Mit dem Miteinander war es dann schnell vorbei. Es folgte ein Rundumschlag gegen seine Ex-Gefährten. Auch seinen früheren Teamkollegen Schumacher traf es. Einige Fahrer wie George Russell, Valtteri Bottas oder Charles Leclerc hätten ihm aufmunternde Nachrichten geschickt. Von Schumacher habe er dagegen nichts gehört. "In Situationen wie diesen zeigt sich dein wahres Ich", sagte Mazepin, der zum Deutschen in der gemeinsamen Saison 2021 ein gespaltenes Verhältnis gepflegt hatte.
Noch größer ist der Ärger über Günther Steiner. Dem Teamchef warf Mazepin Unaufrichtigkeit vor. Auf Steiners Wort habe man sich stets "zu 110 Prozent verlassen können", sagte Mazepin. Von seiner Kündigung habe er dann aber ohne Vorwarnung mit Veröffentlichung der Entscheidung am vergangenen Samstag erfahren. Kontakt zu Steiner habe seitdem nicht mehr bestanden.
Mazepin schließt rechtliche Schritte gegen Entlassung nicht aus
Eine Grundlage für seine Entlassung sieht Mazepin nicht - und schloss rechtliche Schritte nicht aus: "Wir halten uns alle Optionen offen." Wiederholt nahm das Schlusslicht der Vorsaison Bezug auf eine Entscheidung des Weltverbandes FIA, der russischen und belarussischen Fahrern einen Start unter neutraler FIA-Flagge ermöglicht. "Ist im Sport kein Platz für Neutralität?", fragte er.

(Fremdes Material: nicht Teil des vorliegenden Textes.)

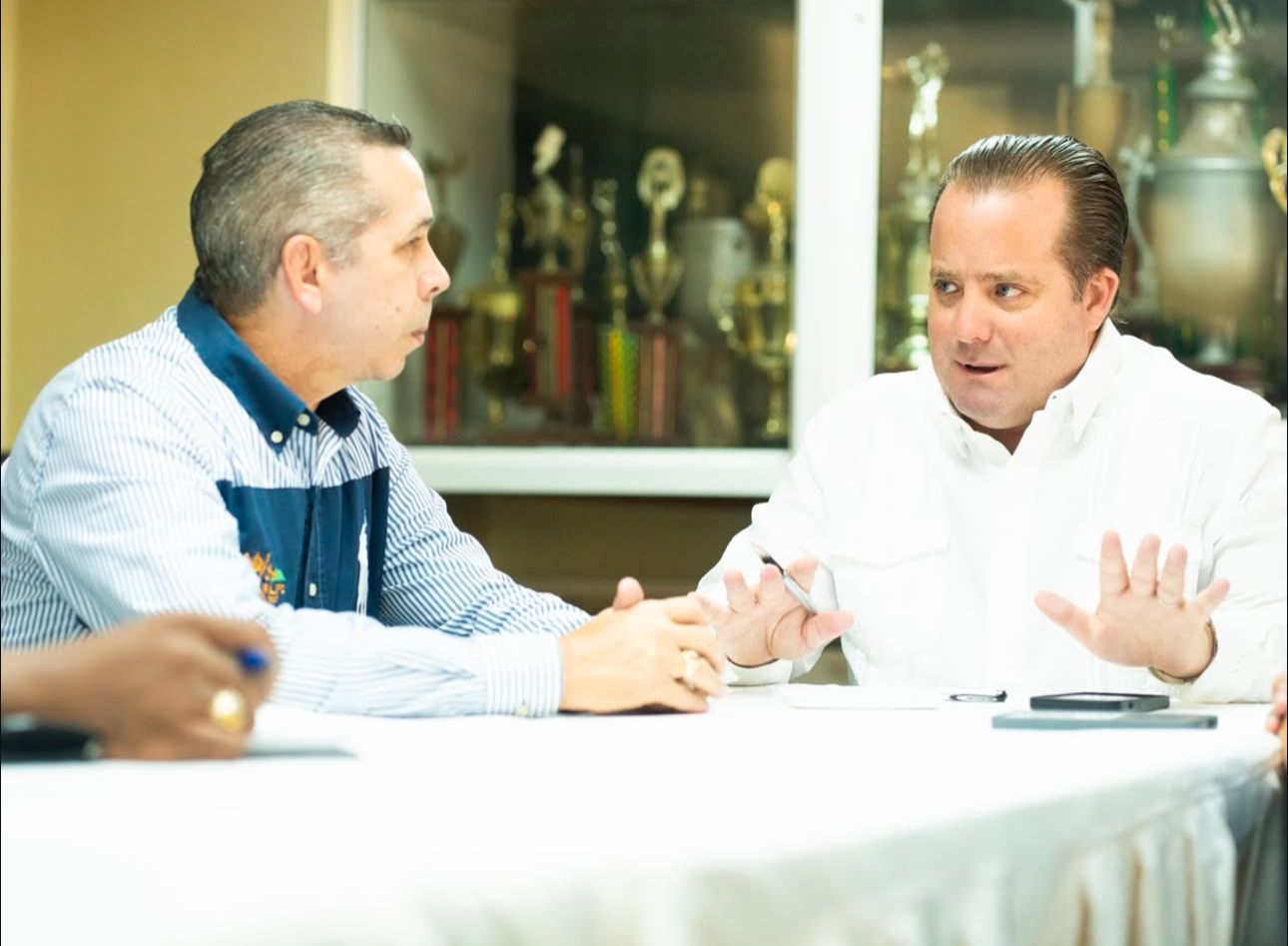 Diego Pesqueira y José Ignacio Paliza, presidentes de Abadina y el Comité Organizador del TBS Distrito 2025, en una conversación sobre temas del pasado torneo distrital.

An dieser gibt es bei Mazepin aber eben Zweifel. Sein milliardenschwerer Vater Dmitri ist Mehrheitsaktionär bei Uralkali - das russische Bergbauunternehmen war Hauptsponsor bei Haas - und besitzt beste Verbindungen zum Kreml. Für den US-Rennstall war die Nähe zu Präsident Wladimir Putin nach der russischen Invasion in die Ukraine nicht mehr vertretbar.
Mazepin ignorierte Fragen zur Kreml-Connection seines Vaters. Zum Krieg äußerte er sich nur kurz - und sprach dem Westen dabei die Deutungshoheit ab. "Jene, die nicht in diesem Teil der Welt leben oder hier geboren wurden", würden nur einen Teil des Konflikts sehen. Menschen aus Russland und der Ukraine würden ihn auf viel mehr Ebenen verstehen.
Zu seiner Zukunft hat er klare Vorstellungen. "Das Kapitel Formel 1 ist für mich noch nicht beendet", sagte Mazepin, der nur eine Rückkehr zu Haas ausschloss. Zudem kündigte er die Gründung einer Stiftung an. Diese soll Athleten unterstützen, die "aus politischen Gründen und ohne ihre Kontrolle die Chance verloren haben, auf dem höchsten Level Wettkämpfe zu bestreiten."